The reasoning goes like this – we’re watching Mars closely right now with multiple mechanical eyes overhead and on the ground. A comet’s impact would be catastrophic, just as a comet or a large asteroid striking Earth would be calamitous for our environment and might possibly signal the end of human habitation of the planet.

Not something you could enjoy watching.

Having the whole thing play out on Mars, however, gives us a chance to witness armageddon at a proper distance. We get a taste of the end times with the security of knowing this isn’t really happening (in any way that will actually affect us.) As far as we know, the dinosaurs didn’t get a sneak peek at their own apocalypse. Like any good end-of-the-world movie, we get to go home and climb into in our own beds afterwards, our pants officially scared off.

But how would that experience change our worldview (or universe-view), and our planning, the next day?

Describe a time when you enjoyed the exhilaration of being frightened.

Memories Are Made Of This

Today’s guest blog comes from Madislandgirl

I have a genuine fondness and deep respect for those people known today as “seniors”, although I think of that as a business designation for tax purposes or something.

The folks I know are so much more than that. They have wit, wisdom, and killer sense of humor. They will tell that they are old, pure and simple. I always tell them that my rule is, once you turn 80, you get to do (or not do) whatever you like.

Many of them have detailed and crystal clear memories of things that happened decades ago … but they cannot recall what you just told them about when supper was going to be served.

They can still speak and understand the Korean they learned while serving there in the “police action” … but they cannot come up with their apartment number or find their way back to it.

I recently was made aware of the fact that the Pennsylvania Polka has lyrics- I had no idea, but the whole thing was sung for me by a person who could not remember what day it was. That’s ok, all I can recall of the Pennsylvania Polka is that it rhymes “mania” with Penn-syl-vania!

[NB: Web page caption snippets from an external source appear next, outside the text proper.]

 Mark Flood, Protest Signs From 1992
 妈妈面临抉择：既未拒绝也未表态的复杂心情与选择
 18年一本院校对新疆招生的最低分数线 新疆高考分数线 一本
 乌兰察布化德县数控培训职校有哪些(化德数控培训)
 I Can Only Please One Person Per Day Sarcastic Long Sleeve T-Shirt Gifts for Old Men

The really bothersome thing for these friends of mine is that they do know that they asked the question, and you gave them an answer, but they have no idea what that answer was. Some of them find this to be an intellectual curiosity. Some of them feel downright annoyed about the whole thing.

“We had no idea getting old was going to be like this-our parents were long dead before they got this old. Of course, I don’t know what we would have done differently if we had known, I don’t suppose we would have believed it anyway”.

How do you manage new information that you know you have to remember?

Look On The Bright Side

Celebrated Python Eric Idle turns 70 today.

I liked the group’s TV shows and sketches, though I have an extra helping of fondness for Eric Idle’s work as a funny lyricist. His “Galaxy Song” is a long-time favorite. And as someone who enjoys the puzzle of trying to piece together a set of comical lyrics, I think I at least have an appreciation for the challenges he faces even if I can’t approach Eric Idle’s skill and accomplishments.

And really … how could anyone dream that a life of inspired clowning around would lead directly to an opportunity to play this role on a global stage?

(You’ll have to click through the link to watch it on You Tube. Thanks, Olympic Committee!)

This must not be the version we were allowed to view on U.S. television, since he casually drops what we in the American broadcast industry call an S-Bomb – an official part of the written lyrics to this song, which is why I couldn’t play it on the radio.

But the song is catchy, and our end-of-March weather is certainly changing my outlook. With the extra hours of increasingly powerful sunlight, you can’t deny we’ve turned an important corner, weather-wise.

What song do you sing when you want to cheer up a bit?